Thanks and with respect to the users of this site, I've succeeded in creating an Encryption/Decryption procedure for the RSA algorithm.
I also implemented a Miller-Rabin probabilistic primality test.
Now my question is much simpler, but my head really cannot make up an answer.
Suppose I need a key of length 1024, and I've generated two primes, each 512 bits worth. But their product won't necessarily be 1024-bit long, it may be smaller.
What should I do in this case? Discard the primes and try again? Is there a smarter solution?
Thank you very much!
============ UPDATE ===================
Thanks to jug and Gadi A, I've managed to learn that for binary numbers, setting two most significant bits to 1 is enough to gen desired bit-length.
Another challenge is that in my library big numbers may have arbitrary digit base;
So the actual structure is a_0 mod BASE | a_1 mod BASE | ... | a_(n-1) mod BASE.
What should I do in order to get a key of n digits length, where all digits have numeric base BASE?
I guess your updated question is: How can I generate two n-digit primes (in base $b$) such that their product has 2n digits?
One way: Have both of them greater than $\sqrt{b^{2n-1}}$. (Then their product is greater than $b^{2n-1}$ and thus has 2n digits.) You will still have a large region in which you can randomly generate the primes.
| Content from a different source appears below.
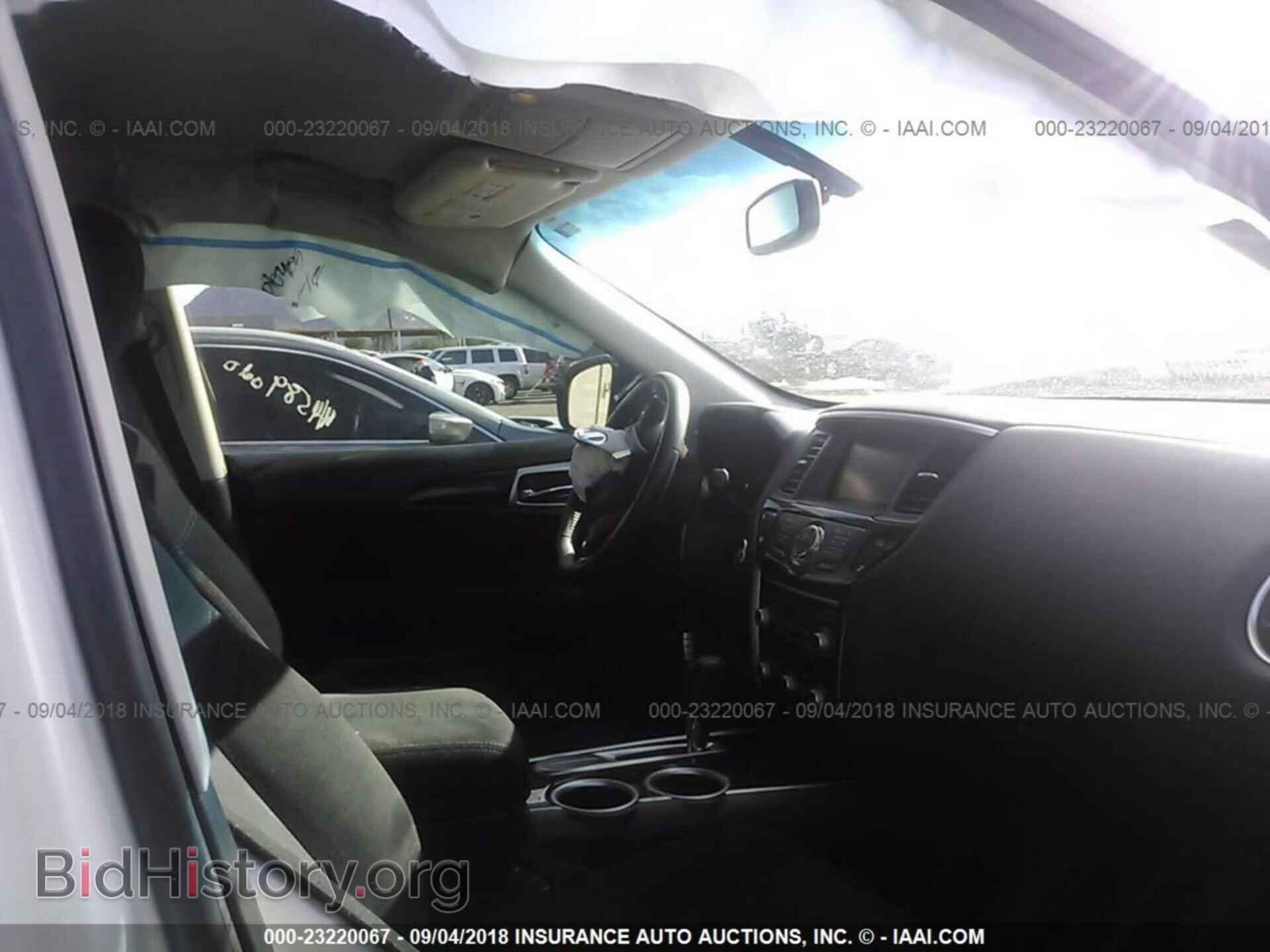2015 Nissan Pathfinder - VIN: 5N1AR2MN2FC676139 - Фото 5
For instance, to generate two 2-digit primes in base 10 whose product has 4 digits, you just have to make sure that they are both at least 32. (Since $\sqrt{1000}\approx31.6$.)
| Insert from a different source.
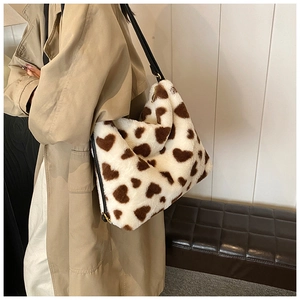 Vue détaillée du sac cabas en fausse fourrure crème avec motifs cœurs et bandoulière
More simply, if you don't want to calculate $\sqrt{b^{2n-1}} = (\sqrt{b})b^{n-1}$ precisely, you can just make sure that the first digit of the primes is something at least $\sqrt{b}$. Thus for instance, when generating two n-digit primes in base 10, just make sure that the first digit of both primes is at least 4. (Since $\sqrt{10}\approx3.16$.) This would mean that each prime is at least $\sqrt{b}b^{n-1}$ as before, thus their product is at least $b^{2n-1}$ and has $2n$ digits.